Entries taken from a collection

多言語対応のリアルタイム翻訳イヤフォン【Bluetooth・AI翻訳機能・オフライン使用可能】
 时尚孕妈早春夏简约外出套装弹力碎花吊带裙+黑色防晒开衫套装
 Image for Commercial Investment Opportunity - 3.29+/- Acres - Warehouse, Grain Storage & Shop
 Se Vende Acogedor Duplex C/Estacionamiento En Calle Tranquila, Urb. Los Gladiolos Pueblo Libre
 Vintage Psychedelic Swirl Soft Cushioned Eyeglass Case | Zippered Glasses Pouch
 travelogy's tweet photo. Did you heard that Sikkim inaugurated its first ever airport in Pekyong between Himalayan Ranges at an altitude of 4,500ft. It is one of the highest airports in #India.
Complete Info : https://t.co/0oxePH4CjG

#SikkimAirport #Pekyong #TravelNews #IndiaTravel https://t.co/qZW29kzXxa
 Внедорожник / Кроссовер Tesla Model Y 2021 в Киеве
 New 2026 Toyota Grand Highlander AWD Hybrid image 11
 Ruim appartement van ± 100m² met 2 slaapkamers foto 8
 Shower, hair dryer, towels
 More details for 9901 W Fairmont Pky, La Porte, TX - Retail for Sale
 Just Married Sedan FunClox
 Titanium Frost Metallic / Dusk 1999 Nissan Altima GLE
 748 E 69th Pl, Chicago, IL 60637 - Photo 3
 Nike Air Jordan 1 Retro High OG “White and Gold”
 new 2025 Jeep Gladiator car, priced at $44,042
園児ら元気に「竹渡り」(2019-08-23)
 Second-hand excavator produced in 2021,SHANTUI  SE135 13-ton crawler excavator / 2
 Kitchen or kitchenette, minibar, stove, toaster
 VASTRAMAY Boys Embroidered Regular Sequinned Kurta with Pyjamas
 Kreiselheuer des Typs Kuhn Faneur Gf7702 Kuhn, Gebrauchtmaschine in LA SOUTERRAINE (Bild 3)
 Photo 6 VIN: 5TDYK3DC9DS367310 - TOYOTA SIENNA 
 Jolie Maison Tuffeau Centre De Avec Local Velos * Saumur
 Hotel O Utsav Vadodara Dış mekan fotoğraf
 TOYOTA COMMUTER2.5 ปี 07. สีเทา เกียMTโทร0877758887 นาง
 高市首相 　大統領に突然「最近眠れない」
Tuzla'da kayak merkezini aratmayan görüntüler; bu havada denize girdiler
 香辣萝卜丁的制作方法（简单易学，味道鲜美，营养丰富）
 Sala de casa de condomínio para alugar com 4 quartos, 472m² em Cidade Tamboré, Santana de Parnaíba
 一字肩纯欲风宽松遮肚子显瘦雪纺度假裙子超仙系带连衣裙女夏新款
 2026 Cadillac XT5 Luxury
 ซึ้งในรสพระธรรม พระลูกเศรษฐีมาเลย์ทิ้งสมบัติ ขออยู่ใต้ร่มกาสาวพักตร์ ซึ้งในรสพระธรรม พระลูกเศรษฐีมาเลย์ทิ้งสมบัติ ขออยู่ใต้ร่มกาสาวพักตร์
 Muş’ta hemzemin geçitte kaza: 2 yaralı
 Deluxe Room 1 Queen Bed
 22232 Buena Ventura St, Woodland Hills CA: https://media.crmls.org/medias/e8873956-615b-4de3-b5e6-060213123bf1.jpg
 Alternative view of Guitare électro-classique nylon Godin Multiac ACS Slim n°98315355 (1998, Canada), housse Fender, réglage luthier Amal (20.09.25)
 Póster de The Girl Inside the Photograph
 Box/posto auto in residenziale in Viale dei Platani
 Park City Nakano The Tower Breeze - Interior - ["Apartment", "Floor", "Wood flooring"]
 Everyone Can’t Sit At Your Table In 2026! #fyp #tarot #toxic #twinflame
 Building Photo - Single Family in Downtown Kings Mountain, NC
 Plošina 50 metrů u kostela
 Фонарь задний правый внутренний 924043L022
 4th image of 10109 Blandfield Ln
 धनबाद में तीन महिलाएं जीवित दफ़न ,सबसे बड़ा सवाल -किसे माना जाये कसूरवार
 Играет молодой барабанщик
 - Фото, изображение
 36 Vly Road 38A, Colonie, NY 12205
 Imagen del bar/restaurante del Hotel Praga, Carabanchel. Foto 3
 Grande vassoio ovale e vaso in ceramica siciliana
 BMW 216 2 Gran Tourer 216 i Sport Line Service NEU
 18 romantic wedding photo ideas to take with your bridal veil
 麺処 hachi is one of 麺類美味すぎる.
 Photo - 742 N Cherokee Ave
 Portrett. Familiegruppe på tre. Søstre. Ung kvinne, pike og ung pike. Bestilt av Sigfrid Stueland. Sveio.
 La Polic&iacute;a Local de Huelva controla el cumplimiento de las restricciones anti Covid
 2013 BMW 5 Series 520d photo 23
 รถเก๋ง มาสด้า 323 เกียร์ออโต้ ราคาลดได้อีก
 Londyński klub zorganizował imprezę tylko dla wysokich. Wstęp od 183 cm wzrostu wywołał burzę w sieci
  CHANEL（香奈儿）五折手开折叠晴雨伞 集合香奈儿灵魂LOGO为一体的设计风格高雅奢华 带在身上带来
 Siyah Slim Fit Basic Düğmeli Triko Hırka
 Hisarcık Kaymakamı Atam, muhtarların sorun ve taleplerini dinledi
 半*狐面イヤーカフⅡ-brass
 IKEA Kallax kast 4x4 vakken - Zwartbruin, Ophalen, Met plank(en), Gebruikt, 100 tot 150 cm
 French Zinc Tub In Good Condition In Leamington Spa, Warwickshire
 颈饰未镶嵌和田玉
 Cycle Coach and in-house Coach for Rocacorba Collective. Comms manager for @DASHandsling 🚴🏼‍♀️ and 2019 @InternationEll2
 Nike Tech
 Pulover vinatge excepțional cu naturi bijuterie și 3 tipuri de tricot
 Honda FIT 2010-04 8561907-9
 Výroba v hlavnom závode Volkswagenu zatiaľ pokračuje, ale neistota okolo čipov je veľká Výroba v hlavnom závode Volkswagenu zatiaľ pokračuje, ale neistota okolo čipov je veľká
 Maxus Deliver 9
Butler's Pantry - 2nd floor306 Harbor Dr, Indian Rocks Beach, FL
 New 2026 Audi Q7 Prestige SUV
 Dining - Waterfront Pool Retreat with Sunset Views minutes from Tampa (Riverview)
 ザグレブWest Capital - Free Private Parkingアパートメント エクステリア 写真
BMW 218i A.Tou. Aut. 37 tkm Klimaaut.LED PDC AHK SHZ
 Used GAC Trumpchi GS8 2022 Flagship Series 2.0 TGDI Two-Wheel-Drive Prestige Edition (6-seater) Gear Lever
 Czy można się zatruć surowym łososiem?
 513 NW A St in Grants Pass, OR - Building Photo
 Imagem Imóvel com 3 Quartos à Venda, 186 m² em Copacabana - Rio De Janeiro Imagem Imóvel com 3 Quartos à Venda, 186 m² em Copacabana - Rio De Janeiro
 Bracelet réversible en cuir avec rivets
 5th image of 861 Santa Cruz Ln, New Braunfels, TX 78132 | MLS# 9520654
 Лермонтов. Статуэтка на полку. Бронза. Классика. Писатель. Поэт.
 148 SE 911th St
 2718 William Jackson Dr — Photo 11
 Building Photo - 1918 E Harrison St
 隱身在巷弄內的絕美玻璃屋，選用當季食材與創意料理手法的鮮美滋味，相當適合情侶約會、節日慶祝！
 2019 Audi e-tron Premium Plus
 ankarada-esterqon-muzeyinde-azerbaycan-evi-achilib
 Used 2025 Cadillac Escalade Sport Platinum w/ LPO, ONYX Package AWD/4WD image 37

### Work task
Exact copies of all the lines above are required.

### Solution below
多言語対応のリアルタイム翻訳イヤフォン【Bluetooth・AI翻訳機能・オフライン使用可能】
 时尚孕妈早春夏简约外出套装弹力碎花吊带裙+黑色防晒开衫套装
 Image for Commercial Investment Opportunity - 3.29+/- Acres - Warehouse, Grain Storage & Shop
 Se Vende Acogedor Duplex C/Estacionamiento En Calle Tranquila, Urb. Los Gladiolos Pueblo Libre
 Vintage Psychedelic Swirl Soft Cushioned Eyeglass Case | Zippered Glasses Pouch
 travelogy's tweet photo. Did you heard that Sikkim inaugurated its first ever airport in Pekyong between Himalayan Ranges at an altitude of 4,500ft. It is one of the highest airports in #India.
Complete Info : https://t.co/0oxePH4CjG

#SikkimAirport #Pekyong #TravelNews #IndiaTravel https://t.co/qZW29kzXxa
 Внедорожник / Кроссовер Tesla Model Y 2021 в Киеве
 New 2026 Toyota Grand Highlander AWD Hybrid image 11
 Ruim appartement van ± 100m² met 2 slaapkamers foto 8
 Shower, hair dryer, towels
 More details for 9901 W Fairmont Pky, La Porte, TX - Retail for Sale
 Just Married Sedan FunClox
 Titanium Frost Metallic / Dusk 1999 Nissan Altima GLE
 748 E 69th Pl, Chicago, IL 60637 - Photo 3
 Nike Air Jordan 1 Retro High OG “White and Gold”
 new 2025 Jeep Gladiator car, priced at $44,042
園児ら元気に「竹渡り」(2019-08-23)
 Second-hand excavator produced in 2021,SHANTUI  SE135 13-ton crawler excavator / 2
 Kitchen or kitchenette, minibar, stove, toaster
 VASTRAMAY Boys Embroidered Regular Sequinned Kurta with Pyjamas
 Kreiselheuer des Typs Kuhn Faneur Gf7702 Kuhn, Gebrauchtmaschine in LA SOUTERRAINE (Bild 3)
 Photo 6 VIN: 5TDYK3DC9DS367310 - TOYOTA SIENNA 
 Jolie Maison Tuffeau Centre De Avec Local Velos * Saumur
 Hotel O Utsav Vadodara Dış mekan fotoğraf
 TOYOTA COMMUTER2.5 ปี 07. สีเทา เกียMTโทร0877758887 นาง
 高市首相 　大統領に突然「最近眠れない」
Tuzla'da kayak merkezini aratmayan görüntüler; bu havada denize girdiler
 香辣萝卜丁的制作方法（简单易学，味道鲜美，营养丰富）
 Sala de casa de condomínio para alugar com 4 quartos, 472m² em Cidade Tamboré, Santana de Parnaíba
 一字肩纯欲风宽松遮肚子显瘦雪纺度假裙子超仙系带连衣裙女夏新款
 2026 Cadillac XT5 Luxury
 ซึ้งในรสพระธรรม พระลูกเศรษฐีมาเลย์ทิ้งสมบัติ ขออยู่ใต้ร่มกาสาวพักตร์ ซึ้งในรสพระธรรม พระลูกเศรษฐีมาเลย์ทิ้งสมบัติ ขออยู่ใต้ร่มกาสาวพักตร์
 Muş’ta hemzemin geçitte kaza: 2 yaralı
 Deluxe Room 1 Queen Bed
 22232 Buena Ventura St, Woodland Hills CA: https://media.crmls.org/medias/e8873956-615b-4de3-b5e6-060213123bf1.jpg
 Alternative view of Guitare électro-classique nylon Godin Multiac ACS Slim n°98315355 (1998, Canada), housse Fender, réglage luthier Amal (20.09.25)
 Póster de The Girl Inside the Photograph
 Box/posto auto in residenziale in Viale dei Platani
 Park City Nakano The Tower Breeze - Interior - ["Apartment", "Floor", "Wood flooring"]
 Everyone Can’t Sit At Your Table In 2026! #fyp #tarot #toxic #twinflame
 Building Photo - Single Family in Downtown Kings Mountain, NC
 Plošina 50 metrů u kostela
 Фонарь задний правый внутренний 924043L022
 4th image of 10109 Blandfield Ln
 धनबाद में तीन महिलाएं जीवित दफ़न ,सबसे बड़ा सवाल -किसे माना जाये कसूरवार
 Играет молодой барабанщик
 - Фото, изображение
 36 Vly Road 38A, Colonie, NY 12205
 Imagen del bar/restaurante del Hotel Praga, Carabanchel. Foto 3
 Grande vassoio ovale e vaso in ceramica siciliana
 BMW 216 2 Gran Tourer 216 i Sport Line Service NEU
 18 romantic wedding photo ideas to take with your bridal veil
 麺処 hachi is one of 麺類美味すぎる.
 Photo - 742 N Cherokee Ave
 Portrett. Familiegruppe på tre. Søstre. Ung kvinne, pike og ung pike. Bestilt av Sigfrid Stueland. Sveio.
 La Polic&iacute;a Local de Huelva controla el cumplimiento de las restricciones anti Covid
 2013 BMW 5 Series 520d photo 23
 รถเก๋ง มาสด้า 323 เกียร์ออโต้ ราคาลดได้อีก
 Londyński klub zorganizował imprezę tylko dla wysokich. Wstęp od 183 cm wzrostu wywołał burzę w sieci
  CHANEL（香奈儿）五折手开折叠晴雨伞 集合香奈儿灵魂LOGO为一体的设计风格高雅奢华 带在身上带来
 Siyah Slim Fit Basic Düğmeli Triko Hırka
 Hisarcık Kaymakamı Atam, muhtarların sorun ve taleplerini dinledi
 半*狐面イヤーカフⅡ-brass
 IKEA Kallax kast 4x4 vakken - Zwartbruin, Ophalen, Met plank(en), Gebruikt, 100 tot 150 cm
 French Zinc Tub In Good Condition In Leamington Spa, Warwickshire
 颈饰未镶嵌和田玉
 Cycle Coach and in-house Coach for Rocacorba Collective. Comms manager for @DASHandsling 🚴🏼‍♀️ and 2019 @InternationEll2
 Nike Tech
 Pulover vinatge excepțional cu naturi bijuterie și 3 tipuri de tricot
 Honda FIT 2010-04 8561907-9
 Výroba v hlavnom závode Volkswagenu zatiaľ pokračuje, ale neistota okolo čipov je veľká Výroba v hlavnom závode Volkswagenu zatiaľ pokračuje, ale neistota okolo čipov je veľká
 Maxus Deliver 9
Butler's Pantry - 2nd floor306 Harbor Dr, Indian Rocks Beach, FL
 New 2026 Audi Q7 Prestige SUV
 Dining - Waterfront Pool Retreat with Sunset Views minutes from Tampa (Riverview)
 ザグレブWest Capital - Free Private Parkingアパートメント エクステリア 写真
BMW 218i A.Tou. Aut. 37 tkm Klimaaut.LED PDC AHK SHZ
 Used GAC Trumpchi GS8 2022 Flagship Series 2.0 TGDI Two-Wheel-Drive Prestige Edition (6-seater) Gear Lever
 Czy można się zatruć surowym łososiem?
 513 NW A St in Grants Pass, OR - Building Photo
 Imagem Imóvel com 3 Quartos à Venda, 186 m² em Copacabana - Rio De Janeiro Imagem Imóvel com 3 Quartos à Venda, 186 m² em Copacabana - Rio De Janeiro
 Bracelet réversible en cuir avec rivets
 5th image of 861 Santa Cruz Ln, New Braunfels, TX 78132 | MLS# 9520654
 Лермонтов. Статуэтка на полку. Бронза. Классика. Писатель. Поэт.
 148 SE 911th St
 2718 William Jackson Dr — Photo 11
 Building Photo - 1918 E Harrison St
 隱身在巷弄內的絕美玻璃屋，選用當季食材與創意料理手法的鮮美滋味，相當適合情侶約會、節日慶祝！
 2019 Audi e-tron Premium Plus
 ankarada-esterqon-muzeyinde-azerbaycan-evi-achilib
 Used 2025 Cadillac Escalade Sport Platinum w/ LPO, ONYX Package AWD/4WD image 37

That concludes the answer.